Residents and campaigners in the London neighbourhood where a tower block went up in a giant blaze on Wednesday spoke angrily about longstanding safety concerns, saying they were ignored because the community was not rich.
Damian Collins, former head of the Grenfell Tower Residents’ Association, said residents had complained to the local council over the handling of a major refurbishment of the building completed last year.
“We used to say that… it’ll take a tragedy before the people wake up and before the people managing the building get held to account,” Collins told AFP, as the 24-storey building smouldered nearby.
Collins said residents of the tower were particularly concerned about the lack of fire exits in the building.

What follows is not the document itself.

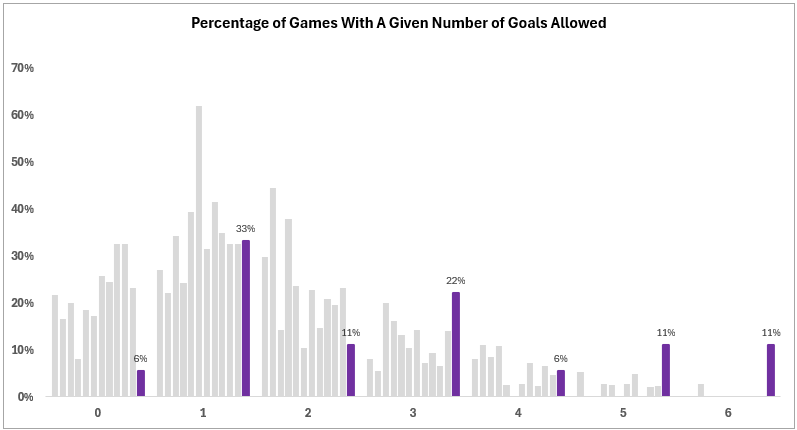 Chart showing the percentage of Orlando City games per number of goals allowed.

He said there were also faults in the heating and lighting systems, and 90 percent of residents had signed a petition in 2015 that was ignored.
“There were so many concerns,” Collins said.
“The telling thing this morning is that when I woke up I wasn’t surprised… Shocked, terrified for all the people living here, not surprised,” he said.
Grenfell Tower is a concrete tower block built in 1974.
Its £8.7 million (9.9 million euro, $11 million) refurbishment was completed last year and included new cladding covering the whole of the exterior, which residents blamed for spreading the fire.
“They decided that £10 million would go on this cladding, and we believe that’s what went on fire,” said Stewart Wallace, 59, a resident who said he had been evacuated from his home over fears Grenfell Tower could collapse.
Wallace told AFP those who lived in the tower were looking to local authorities for answers: “They’re wondering where the councillors are, they’re looking for someone to blame.”
As locals stood aghast at the sight of the burning building, some wearing protective masks, people carried donations such as bags of clothing and bottles of water to a nearby church.
Nana Akuffo, 46, a chef who lives in the neighbourhood, said the community was used to fending for itself.
“It’s all residents running the show. The council are nowhere to be seen,” he said.
Referring to the multiple complaints by residents, he said: “If this happened somewhere near (up-market) Knightsbridge that would have been resolved. It wouldn’t have been an issue.”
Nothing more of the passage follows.